问题
I tried to use tess-two, a fork of Tesseract Tools for Android. I want to turn on hocr
output in tesseract, from this link, I tried to set variable tessedit_create_hocr
as true, but I can't see hocr in output. Here is my try:
baseApi.init(FileUtil.getAppFolder(), "eng", TessBaseAPI.OEM_TESSERACT_CUBE_COMBINED);
baseApi.setVariable("tessedit_create_hocr", "1")
baseApi.setImage(bitmap);
String recognizedText = baseApi.getUTF8Text();
Somebody told the hocr
output should be in config folder or in folder contain image, but I don't see anything. Any I don't know how to config the file name and location of hocr output.

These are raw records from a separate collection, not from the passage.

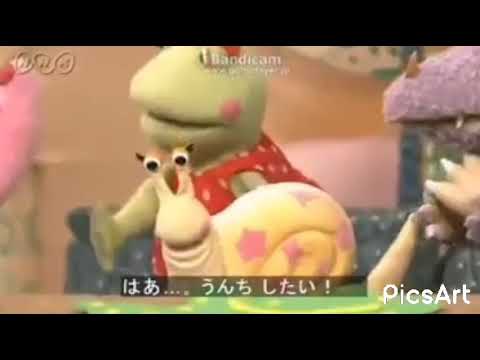 せいかいのおと うんち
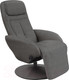 Миниатюра изображения товара Кресло-реклайнер Halmar Optima 2 (серый)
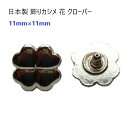日本製 飾りカシメ 花 クローバー 11mm×11mm ゴールド 首輪パーツ ストラップパーツ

Another thing: is there any way to apply config file into Tesseract Tools for Android? I put the config files into tessdata/config folder, but there is nothing happen. How to tell tesseract
should read these config files? Seem they don't have enough documents for android.
Update: Thanks to @nguyenq
, now I can get HOCR
data. Here is my try:
jstring Java_com_googlecode_tesseract_android_TessBaseAPI_nativeGetHOCRText(JNIEnv *env,
jobject thiz, jint page) {
native_data_t *nat = get_native_data(env, thiz);
char *text = nat->api.GetHOCRText(page);
jstring result = env->NewStringUTF(text);
free(text);
return result;
}
回答1:
Apparently, tess-two
does not implement all the TessBaseAPI
as it does not include support for the native GetHOCRText
method. You may have to extend the wrapper yourself to access the functions you need.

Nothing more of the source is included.